──────── Excerpted records ────────

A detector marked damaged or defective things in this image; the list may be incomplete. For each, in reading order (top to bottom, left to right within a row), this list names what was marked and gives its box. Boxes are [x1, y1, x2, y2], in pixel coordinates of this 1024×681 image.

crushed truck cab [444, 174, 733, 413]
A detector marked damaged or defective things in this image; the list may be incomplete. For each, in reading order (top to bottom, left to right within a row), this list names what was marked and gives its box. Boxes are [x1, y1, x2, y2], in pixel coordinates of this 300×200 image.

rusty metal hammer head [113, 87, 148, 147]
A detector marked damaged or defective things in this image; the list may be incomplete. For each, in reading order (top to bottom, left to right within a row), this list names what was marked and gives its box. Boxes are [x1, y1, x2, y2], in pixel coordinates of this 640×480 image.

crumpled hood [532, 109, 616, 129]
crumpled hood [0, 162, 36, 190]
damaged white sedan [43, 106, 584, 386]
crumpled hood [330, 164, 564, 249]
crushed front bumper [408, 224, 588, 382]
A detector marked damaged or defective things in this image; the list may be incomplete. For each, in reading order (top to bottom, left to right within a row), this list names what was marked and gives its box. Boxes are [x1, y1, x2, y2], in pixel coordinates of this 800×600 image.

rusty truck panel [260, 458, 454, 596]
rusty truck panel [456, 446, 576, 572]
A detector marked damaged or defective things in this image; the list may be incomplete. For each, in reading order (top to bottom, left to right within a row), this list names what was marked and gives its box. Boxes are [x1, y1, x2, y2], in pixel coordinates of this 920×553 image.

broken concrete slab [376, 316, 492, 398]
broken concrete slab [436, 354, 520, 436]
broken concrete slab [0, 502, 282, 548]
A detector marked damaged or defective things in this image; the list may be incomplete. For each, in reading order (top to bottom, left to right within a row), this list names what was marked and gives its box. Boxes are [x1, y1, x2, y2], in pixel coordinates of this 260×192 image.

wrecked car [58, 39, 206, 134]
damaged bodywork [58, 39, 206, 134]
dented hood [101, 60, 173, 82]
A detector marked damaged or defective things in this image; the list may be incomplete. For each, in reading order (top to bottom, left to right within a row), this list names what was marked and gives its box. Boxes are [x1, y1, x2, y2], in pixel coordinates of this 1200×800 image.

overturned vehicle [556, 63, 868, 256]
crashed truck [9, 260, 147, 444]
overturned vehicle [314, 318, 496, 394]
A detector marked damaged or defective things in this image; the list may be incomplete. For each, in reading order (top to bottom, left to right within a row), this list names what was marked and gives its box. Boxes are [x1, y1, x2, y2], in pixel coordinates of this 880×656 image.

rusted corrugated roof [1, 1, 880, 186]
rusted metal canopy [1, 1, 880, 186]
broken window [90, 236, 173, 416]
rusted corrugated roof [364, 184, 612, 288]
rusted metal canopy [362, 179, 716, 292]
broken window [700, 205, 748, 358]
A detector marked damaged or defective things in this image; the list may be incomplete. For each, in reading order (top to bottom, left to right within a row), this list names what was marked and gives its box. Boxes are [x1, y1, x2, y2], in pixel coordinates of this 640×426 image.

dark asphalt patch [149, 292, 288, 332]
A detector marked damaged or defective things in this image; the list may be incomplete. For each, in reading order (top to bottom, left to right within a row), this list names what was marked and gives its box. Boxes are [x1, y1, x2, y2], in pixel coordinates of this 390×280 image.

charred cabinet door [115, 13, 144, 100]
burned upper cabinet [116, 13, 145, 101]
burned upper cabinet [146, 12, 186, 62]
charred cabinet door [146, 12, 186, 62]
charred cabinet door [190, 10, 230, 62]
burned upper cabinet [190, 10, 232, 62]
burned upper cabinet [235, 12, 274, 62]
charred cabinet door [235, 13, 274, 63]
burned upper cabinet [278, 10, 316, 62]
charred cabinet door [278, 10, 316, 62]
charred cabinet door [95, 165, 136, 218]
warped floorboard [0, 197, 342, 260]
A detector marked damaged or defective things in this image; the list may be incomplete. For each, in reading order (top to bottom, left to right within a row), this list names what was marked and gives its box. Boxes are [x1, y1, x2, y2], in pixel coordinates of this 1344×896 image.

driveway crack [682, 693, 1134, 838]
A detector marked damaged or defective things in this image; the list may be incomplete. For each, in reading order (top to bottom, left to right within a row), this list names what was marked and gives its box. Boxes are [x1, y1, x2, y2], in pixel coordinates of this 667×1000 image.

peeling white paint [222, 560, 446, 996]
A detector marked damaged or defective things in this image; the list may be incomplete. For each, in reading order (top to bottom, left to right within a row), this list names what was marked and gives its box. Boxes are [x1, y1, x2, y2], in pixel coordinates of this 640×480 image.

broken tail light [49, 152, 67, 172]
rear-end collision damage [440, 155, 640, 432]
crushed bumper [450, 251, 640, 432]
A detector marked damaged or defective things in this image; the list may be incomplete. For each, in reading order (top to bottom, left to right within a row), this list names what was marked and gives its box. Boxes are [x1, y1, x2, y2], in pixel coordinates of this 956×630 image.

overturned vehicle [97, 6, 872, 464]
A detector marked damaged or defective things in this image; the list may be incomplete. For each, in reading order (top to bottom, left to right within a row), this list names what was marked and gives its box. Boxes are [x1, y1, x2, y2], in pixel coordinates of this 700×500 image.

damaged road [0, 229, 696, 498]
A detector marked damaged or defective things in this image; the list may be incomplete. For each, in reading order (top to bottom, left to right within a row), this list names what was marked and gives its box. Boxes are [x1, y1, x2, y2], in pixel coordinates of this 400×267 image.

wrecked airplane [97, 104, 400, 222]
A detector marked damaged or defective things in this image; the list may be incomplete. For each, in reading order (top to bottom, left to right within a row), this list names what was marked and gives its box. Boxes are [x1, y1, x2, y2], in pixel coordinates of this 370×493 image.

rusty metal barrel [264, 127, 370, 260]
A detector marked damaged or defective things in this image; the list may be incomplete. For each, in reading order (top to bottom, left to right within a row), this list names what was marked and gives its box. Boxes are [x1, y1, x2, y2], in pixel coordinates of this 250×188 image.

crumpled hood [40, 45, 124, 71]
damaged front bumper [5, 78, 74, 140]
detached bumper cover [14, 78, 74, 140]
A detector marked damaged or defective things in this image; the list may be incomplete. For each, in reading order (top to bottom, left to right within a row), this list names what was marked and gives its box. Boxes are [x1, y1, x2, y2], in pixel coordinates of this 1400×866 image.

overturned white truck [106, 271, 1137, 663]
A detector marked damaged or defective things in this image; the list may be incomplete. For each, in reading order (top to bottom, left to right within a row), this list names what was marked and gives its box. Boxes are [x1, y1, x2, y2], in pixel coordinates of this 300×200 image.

────────

__Assigned task__
Line by line, reproduce the data above exactly.

__Result__
A detector marked damaged or defective things in this image; the list may be incomplete. For each, in reading order (top to bottom, left to right within a row), this list names what was marked and gives its box. Boxes are [x1, y1, x2, y2], in pixel coordinates of this 1024×681 image.

crushed truck cab [444, 174, 733, 413]
A detector marked damaged or defective things in this image; the list may be incomplete. For each, in reading order (top to bottom, left to right within a row), this list names what was marked and gives its box. Boxes are [x1, y1, x2, y2], in pixel coordinates of this 300×200 image.

rusty metal hammer head [113, 87, 148, 147]
A detector marked damaged or defective things in this image; the list may be incomplete. For each, in reading order (top to bottom, left to right within a row), this list names what was marked and gives its box. Boxes are [x1, y1, x2, y2], in pixel coordinates of this 640×480 image.

crumpled hood [532, 109, 616, 129]
crumpled hood [0, 162, 36, 190]
damaged white sedan [43, 106, 584, 386]
crumpled hood [330, 164, 564, 249]
crushed front bumper [408, 224, 588, 382]
A detector marked damaged or defective things in this image; the list may be incomplete. For each, in reading order (top to bottom, left to right within a row), this list names what was marked and gives its box. Boxes are [x1, y1, x2, y2], in pixel coordinates of this 800×600 image.

rusty truck panel [260, 458, 454, 596]
rusty truck panel [456, 446, 576, 572]
A detector marked damaged or defective things in this image; the list may be incomplete. For each, in reading order (top to bottom, left to right within a row), this list names what was marked and gives its box. Boxes are [x1, y1, x2, y2], in pixel coordinates of this 920×553 image.

broken concrete slab [376, 316, 492, 398]
broken concrete slab [436, 354, 520, 436]
broken concrete slab [0, 502, 282, 548]
A detector marked damaged or defective things in this image; the list may be incomplete. For each, in reading order (top to bottom, left to right within a row), this list names what was marked and gives its box. Boxes are [x1, y1, x2, y2], in pixel coordinates of this 260×192 image.

wrecked car [58, 39, 206, 134]
damaged bodywork [58, 39, 206, 134]
dented hood [101, 60, 173, 82]
A detector marked damaged or defective things in this image; the list may be incomplete. For each, in reading order (top to bottom, left to right within a row), this list names what was marked and gives its box. Boxes are [x1, y1, x2, y2], in pixel coordinates of this 1200×800 image.

overturned vehicle [556, 63, 868, 256]
crashed truck [9, 260, 147, 444]
overturned vehicle [314, 318, 496, 394]
A detector marked damaged or defective things in this image; the list may be incomplete. For each, in reading order (top to bottom, left to right within a row), this list names what was marked and gives its box. Boxes are [x1, y1, x2, y2], in pixel coordinates of this 880×656 image.

rusted corrugated roof [1, 1, 880, 186]
rusted metal canopy [1, 1, 880, 186]
broken window [90, 236, 173, 416]
rusted corrugated roof [364, 184, 612, 288]
rusted metal canopy [362, 179, 716, 292]
broken window [700, 205, 748, 358]
A detector marked damaged or defective things in this image; the list may be incomplete. For each, in reading order (top to bottom, left to right within a row), this list names what was marked and gives its box. Boxes are [x1, y1, x2, y2], in pixel coordinates of this 640×426 image.

dark asphalt patch [149, 292, 288, 332]
A detector marked damaged or defective things in this image; the list may be incomplete. For each, in reading order (top to bottom, left to right within a row), this list names what was marked and gives its box. Boxes are [x1, y1, x2, y2], in pixel coordinates of this 390×280 image.

charred cabinet door [115, 13, 144, 100]
burned upper cabinet [116, 13, 145, 101]
burned upper cabinet [146, 12, 186, 62]
charred cabinet door [146, 12, 186, 62]
charred cabinet door [190, 10, 230, 62]
burned upper cabinet [190, 10, 232, 62]
burned upper cabinet [235, 12, 274, 62]
charred cabinet door [235, 13, 274, 63]
burned upper cabinet [278, 10, 316, 62]
charred cabinet door [278, 10, 316, 62]
charred cabinet door [95, 165, 136, 218]
warped floorboard [0, 197, 342, 260]
A detector marked damaged or defective things in this image; the list may be incomplete. For each, in reading order (top to bottom, left to right within a row), this list names what was marked and gives its box. Boxes are [x1, y1, x2, y2], in pixel coordinates of this 1344×896 image.

driveway crack [682, 693, 1134, 838]
A detector marked damaged or defective things in this image; the list may be incomplete. For each, in reading order (top to bottom, left to right within a row), this list names what was marked and gives its box. Boxes are [x1, y1, x2, y2], in pixel coordinates of this 667×1000 image.

peeling white paint [222, 560, 446, 996]
A detector marked damaged or defective things in this image; the list may be incomplete. For each, in reading order (top to bottom, left to right within a row), this list names what was marked and gives its box. Boxes are [x1, y1, x2, y2], in pixel coordinates of this 640×480 image.

broken tail light [49, 152, 67, 172]
rear-end collision damage [440, 155, 640, 432]
crushed bumper [450, 251, 640, 432]
A detector marked damaged or defective things in this image; the list may be incomplete. For each, in reading order (top to bottom, left to right within a row), this list names what was marked and gives its box. Boxes are [x1, y1, x2, y2], in pixel coordinates of this 956×630 image.

overturned vehicle [97, 6, 872, 464]
A detector marked damaged or defective things in this image; the list may be incomplete. For each, in reading order (top to bottom, left to right within a row), this list names what was marked and gives its box. Boxes are [x1, y1, x2, y2], in pixel coordinates of this 700×500 image.

damaged road [0, 229, 696, 498]
A detector marked damaged or defective things in this image; the list may be incomplete. For each, in reading order (top to bottom, left to right within a row), this list names what was marked and gives its box. Boxes are [x1, y1, x2, y2], in pixel coordinates of this 400×267 image.

wrecked airplane [97, 104, 400, 222]
A detector marked damaged or defective things in this image; the list may be incomplete. For each, in reading order (top to bottom, left to right within a row), this list names what was marked and gives its box. Boxes are [x1, y1, x2, y2], in pixel coordinates of this 370×493 image.

rusty metal barrel [264, 127, 370, 260]
A detector marked damaged or defective things in this image; the list may be incomplete. For each, in reading order (top to bottom, left to right within a row), this list names what was marked and gives its box. Boxes are [x1, y1, x2, y2], in pixel coordinates of this 250×188 image.

crumpled hood [40, 45, 124, 71]
damaged front bumper [5, 78, 74, 140]
detached bumper cover [14, 78, 74, 140]
A detector marked damaged or defective things in this image; the list may be incomplete. For each, in reading order (top to bottom, left to right within a row), this list names what was marked and gives its box. Boxes are [x1, y1, x2, y2], in pixel coordinates of this 1400×866 image.

overturned white truck [106, 271, 1137, 663]
A detector marked damaged or defective things in this image; the list may be incomplete. For each, in reading order (top to bottom, left to right within a row), this list names what was marked and gives its box. Boxes are [x1, y1, x2, y2], in pixel coordinates of this 300×200 image.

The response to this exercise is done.